Earth Alchemy was born from Holloway's frustration with the standard tattoo establishment business structure, in which artists generally give a large cut (often around 50 percent) to an owner in exchange for space. She wanted to democratize: share resources, cut overhead costs and work independently, rather than artists giving a percentage to a shop owner. So she opened her "collective," a co-op shop where artists rent their own spaces and control their own business.

Their business model isn't the only thing that's untraditional. Earth Alchemy is one of just two shops in St. Louis that's run by and filled mostly with women. (The other, Lucky Cat Tattoo, opened just this year, staffed by three of St. Louis' most popular lady artists.)

The shop also has no flash, which means all the work is custom, and the artists don't have a stylistically specific framework. That gives them the freedom to explore different styles, different inks, different skins. "I try not to box myself into a corner," she says.

Many of the tattoos she's gotten are traditional, and she loves them. But as an artist, she finds the style limiting. "It's very much a boys' club sort of thing, the code. Traditional is where it all started so it's very important to them to hold onto that," she explains, adding, "And it is a great style." Especially for learning about what works and what doesn't.

Holloway more often works in thinner lines and softer colors, sometimes using a neo-traditional style that modernizes and adds dimension to the art. Her designs are recognizable by their incredibly clean, delicate linework. Some of the most striking are delicate flowers, bright faces, geometric designs washed in pastels.

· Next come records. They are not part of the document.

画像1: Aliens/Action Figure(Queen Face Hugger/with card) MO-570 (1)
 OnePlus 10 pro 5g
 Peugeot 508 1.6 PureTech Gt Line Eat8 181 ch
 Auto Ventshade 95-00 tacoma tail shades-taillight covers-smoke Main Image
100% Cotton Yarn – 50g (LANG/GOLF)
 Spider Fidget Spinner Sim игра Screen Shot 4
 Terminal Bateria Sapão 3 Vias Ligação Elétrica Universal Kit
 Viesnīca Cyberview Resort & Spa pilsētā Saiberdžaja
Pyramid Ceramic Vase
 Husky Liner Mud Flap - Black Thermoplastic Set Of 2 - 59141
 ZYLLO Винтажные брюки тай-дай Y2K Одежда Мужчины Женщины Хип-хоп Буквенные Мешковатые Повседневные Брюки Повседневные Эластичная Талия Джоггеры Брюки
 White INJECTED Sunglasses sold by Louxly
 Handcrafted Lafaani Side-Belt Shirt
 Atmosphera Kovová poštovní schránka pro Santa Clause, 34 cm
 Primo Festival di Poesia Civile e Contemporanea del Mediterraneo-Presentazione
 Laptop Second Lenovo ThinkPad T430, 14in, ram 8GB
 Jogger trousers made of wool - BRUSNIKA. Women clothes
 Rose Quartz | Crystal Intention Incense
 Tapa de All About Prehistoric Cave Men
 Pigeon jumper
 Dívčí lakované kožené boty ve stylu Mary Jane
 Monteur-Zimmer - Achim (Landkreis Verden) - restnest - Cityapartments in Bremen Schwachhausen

As a newer shop owner and mother, she hasn't had the time to develop and explore as much as she'd like. But it's all part of a journey; the quest is endless. "I really feel like there's no ceiling as to how far you can take your art," she says.

Holloway says she'd like to create more tattoos she's really inspired by. She recalls being commissioned to design an "alien monster" — something she didn't think would excite her. But she started drawing and loved the experience of imagining the creature from nothing.

"It reminds me of being a kid and what inspired me to get into art in the first place," she says. "So far I haven't been able to use tattooing that way, but it's totally possible. I see artists doing it all the time." She says she hopes she'll be able to build her clientele toward that.

click to enlarge Matt Hodel likes to joke that Ragtime isn't the place for your first tattoo — but it's not really a joke. - PHOTO BY NICK SCHNELLE
  • PHOTO BY NICK SCHNELLE
  • Matt Hodel likes to joke that Ragtime isn't the place for your first tattoo — but it's not really a joke.

Matt Hodel

Ragtime Tattoo

Matt Hodel has already reached that point of creative flexibility and control at his shop, Ragtime Tattoo. It took years to get there, but he's found it.

Now 41, Hodel began working at a street shop on the Loop, Iron Age Tattoo and Piercing. "When I started tattooing, there was fourteen shops from O'Fallon, Illinois to O'Fallon, Missouri," he recalls. Not all were superb.

He liked Iron Age, and it taught him a lot. But he didn't like the pace involved with that set-up — the amount of nervous energy with walk-ins, the lack of flexibility, and the randomness of his days.

"You had five minutes to win their trust, to convince them you're not selling them a bag of goods, and get them out of there with a good tattoo. And then you have five more people on the list for that day," he says.

He dreamed of creating large, custom tattoos with clients who'd been tattooed a few times, knew what they wanted, and were willing to wait to let him make his art as perfect as possible. But that just wasn't possible in a street shop. "[Large, custom pieces] can't be that 'wham-bam-thank-you-ma'am' style of work," he says. "It was a lot like trying to built custom choppers at Meineke."

When he visited a friend in Austria, he found the answer: an appointment-only shop. After working at a south city parlor called Ragtime with its previous owner, Hodel inherited the shop and began crafting it into his own image. Now he says he has appointments booked months in advance.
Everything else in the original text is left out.